One of my favorite things about Christmas season is the sheer anticipation of watching Frank Capra's It's A Wonderful Life. Every year I watch it, and each time a different scene stands out with new significance. This time around, I was especially moved by a scene near the beginning, where George and Mary walk through the quiet streets of Bedford Falls in ill-fitting clothes after their graduation party turned into an unexpected soaking. The night is romantic, a full moon backlights the starry-eyed couple. I was struck by a particular event in this scene, and how it ultimately sets the stage for the central, moral crossroad of the film.
After Mary shies away from one of George's advances, he picks up a rock and declares his intention to shatter one of the windows in the old hotel, facetiously casting his wishes into the winds of fate just as he does with the cigarette lighter every time he enters Mr. Gower's store. "Oh no, I love that old house... so filled with romance. I'd like to live in it," Mary tries to stop him. "This old thing? I wouldn't live in it as a ghost," George retorts. They end up both throwing a rock, each accompanied by a wish. George has no secrets: he's going to travel the world, build great things, shake the dust of this crummy little town off his feet. In other words, he's wrapped up in an escapist fantasy that is totally unrelated to real life.
Mary, on the other hand, dares not speak her wish aloud, because unlike George's fantasy, her fantasy truly leaves her vulnerable. She imagines living in that very house, with George at her side, come what may. Her fantasy isn't escapist; it's practical. Mary is grounded in reality; George is out lassoing moons with his wild imagination.

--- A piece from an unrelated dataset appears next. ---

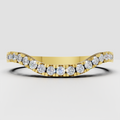 Round diamond scalloped filigree half eternity band ring in polished yellow gold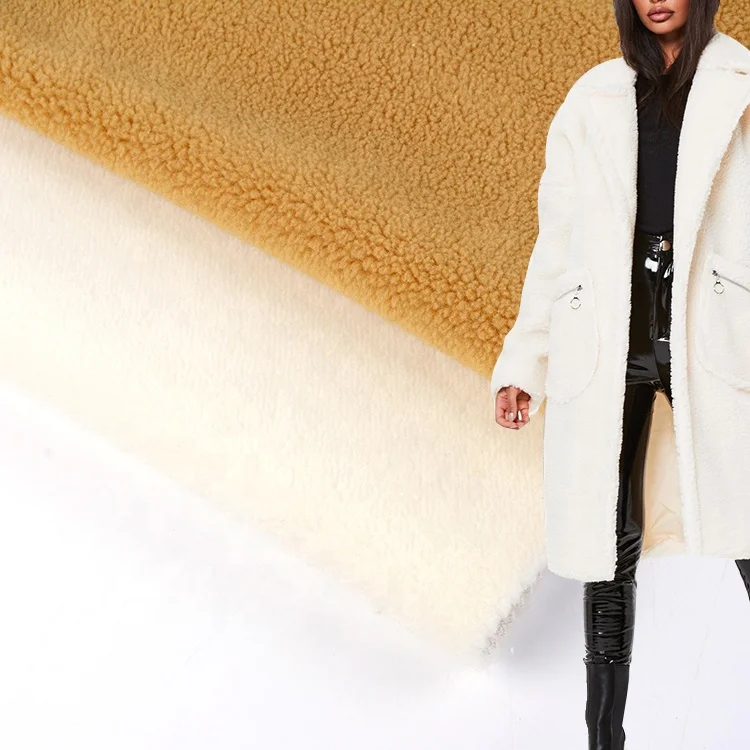 Тяжелая трикотажная ткань цвета шампанского, текстиль букле, 100 полиэстер, переработанная рыболовная сеть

Reality is the thing that crops up again and again throughout George's life, always impeding the realization of his escapist fantasies. On one hand, his idealistic future seems almost in his grasp; on the other hand, his moral compass obliges him to meet the needs of the people in his life. Later in the film, a fun drawing of George lassoing the moon almost seems to mock his dreams and desires and he is unable to find the humor in it.
Forget Clarence: Mary Hatches is the true angel in George's life. I cried at the end of the film, just like everyone else, but what made me cry this time was the look on Mary's face in that defining moment when grace is suddenly dumped upon George's life. She looks over at George, her eyes wet and an embarrassed smile on her face as if to say, "See? THIS is all I ever wanted."
George had to go to hell and back before he could recognize what was right in front of him. The frightening thing, to me at least, is the suggestion that Pottersville, with all its glitz, music and glamour, is actually the manifestation of George's fantasies. "We serve hard drinks for men who want to get drunk fast," Pottersville-Nick tells George in the bar. Here, moral obligations are dismissed and forgotten as casually as George and Clarence are tossed out into the snow. For George, the true horror of his alternate reality is not that the people in his life no longer know him. I think the moment of true horror is his realization that THIS is what he had been chasing.
"There's no place like home," Dorothy realizes after her experiences in dream land. George can only reach the same conclusion. His reality - the relationships he has formed, the struggles he has endured, the family he's nurtured - is truly the best he can experience. In the eyes of the dreamer, this could be seen as a bitter disappointment. But in the eyes of Frank Capra (and Mary Hatches), this is what happiness is all about.
"Sentimental hogwash," Potter might scoff. Well screw you Potter. I think Mary got it right. And I'm unabashedly proud of George Bailey and his pathetic, wonderful little life.